On this day in 1980, 13-year-old Cari Lightner of Fair Oaks, California, is walking along a quiet road on her way to a church carnival when a car swerves out of control, striking and killing her. Cari’s tragic death compelled her mother, Candy Lightner, to found the organization Mothers Against Drunk Driving (MADD), which would grow into one of the country’s most influential non-profit organizations.
When police arrested Clarence Busch, the driver who hit Cari, they found that he had a record of arrests for intoxication, and had in fact been arrested on another hit-and-run drunk-driving charge less than a week earlier. Candy Lightner learned from a policeman that drunk driving was rarely prosecuted harshly, and that Busch was unlikely to spend significant time behind bars. Furious, Lightner decided to take action against what she later called “the only socially accepted form of homicide.” MADD was the result. (Charged with vehicular homicide, Busch did eventually serve 21 months in jail.)
In 1980–the year Cari Lightner died–some 27,000 alcohol-related traffic fatalities occurred in the United States, including 2,500 in California alone. After founding MADD, Lightner began lobbying California’s governor, Jerry Brown, to set up a state task force to investigate drunk driving. Brown eventually agreed, making her the task force’s first member. In 1981, California passed a law imposing minimum fines of $375 for drunk drivers and mandatory imprisonment of up to four years for repeat offenders. President Ronald Reagan soon asked Lightner to serve on the National Commission on Drunk Driving, which recommended raising the minimum drinking age to 21 and revoking the licenses of those arrested for drunk driving. In July 1984, she stood next to Reagan as he signed a law reducing federal highway grants to any state that failed to raise its drinking age to 21 (a change that was estimated to save around 800 traffic deaths annually); by the following year, all 50 states had tightened their drunk-driving laws.
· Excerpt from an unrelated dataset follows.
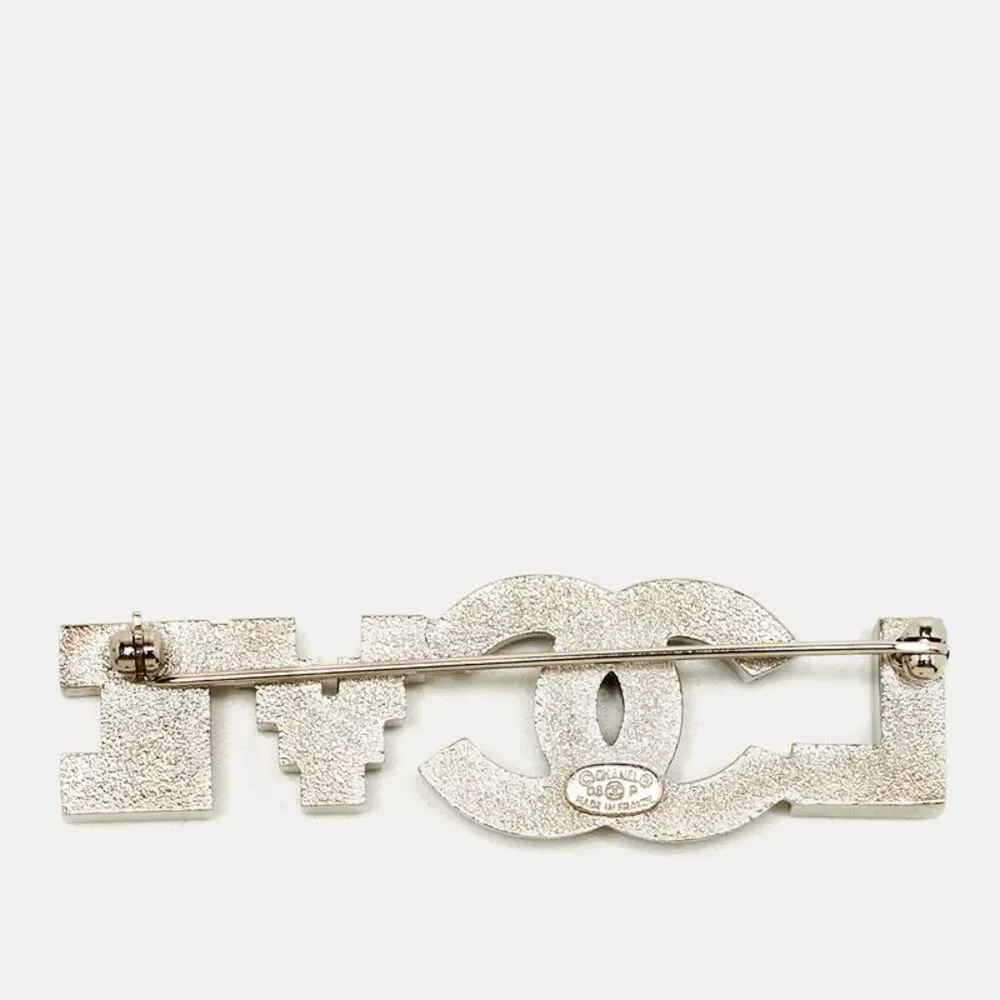 Chanel Cc Love Crystal Silver Tone Pin Brooch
MADD had expanded to some 320 chapters and 600,000 volunteers and donors nationwide by 1985, when Lightner parted ways with the organization. MADD went on to wage a campaign to lower the nation’s legal blood alcohol content from 0.1 percent to 0.08. The group won a major victory in 2000, when the Clinton administration passed a law tying federal highway funds to states’ adoption of the 0.08 standard. By that year–the 20th anniversary of MADD’s founding–alcohol-related fatalities had dropped some 40 percent over two decades, and states with the toughest drunk-driving laws were beginning to treat alcohol-related fatalities as murder.